● **Directions for this task**
Extract the lines of the material below, beginning with the first and ending with the line that holds "Poubelle à double". Skip every picture.

● **Material for this task**
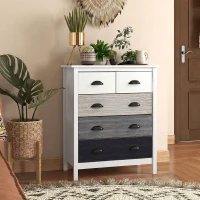 HOMCOM 5 Drawer Dresser for Bedroom, Chest of Drawers with Table Top, Clothes Closet for Living Room, Multi-Color(m-1)
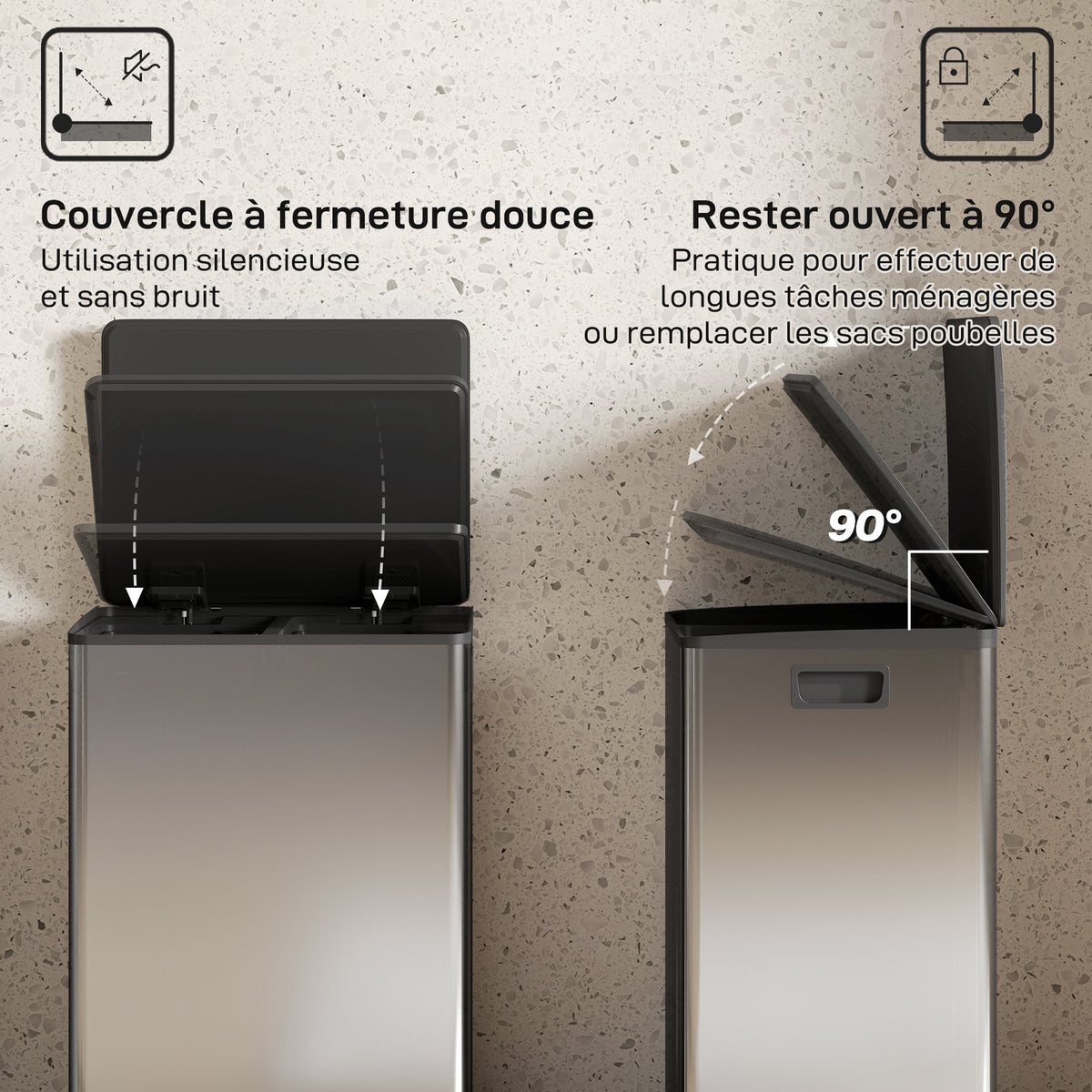 Poubelle à double compartiment 2 x 30L, poubelle cuisine à pédale, couvercle à fermeture douce, 47,5x37,5x67cm, argent-4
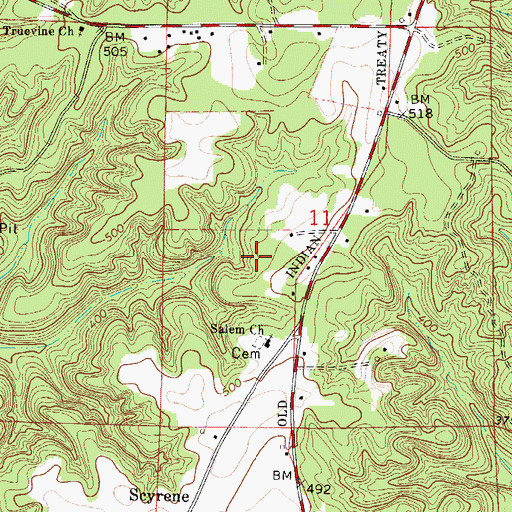 Topographic Map of Salem Cemetery, AL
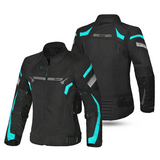 BELA HIGHLAND Damen-Motorradjacke, Textil, Schwarz/Türkis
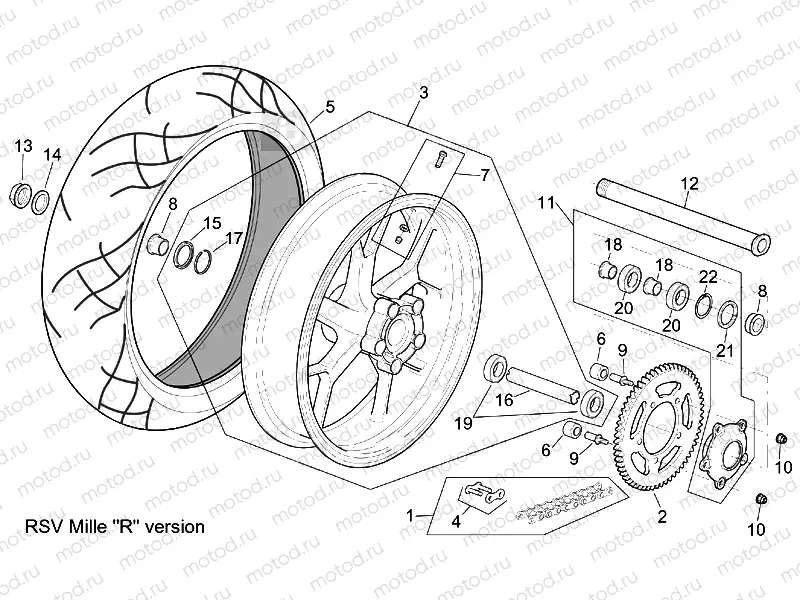 Rear wheel RSV Mille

● **Answer to the problem**
 HOMCOM 5 Drawer Dresser for Bedroom, Chest of Drawers with Table Top, Clothes Closet for Living Room, Multi-Color(m-1)
 Poubelle à double compartiment 2 x 30L, poubelle cuisine à pédale, couvercle à fermeture douce, 47,5x37,5x67cm, argent-4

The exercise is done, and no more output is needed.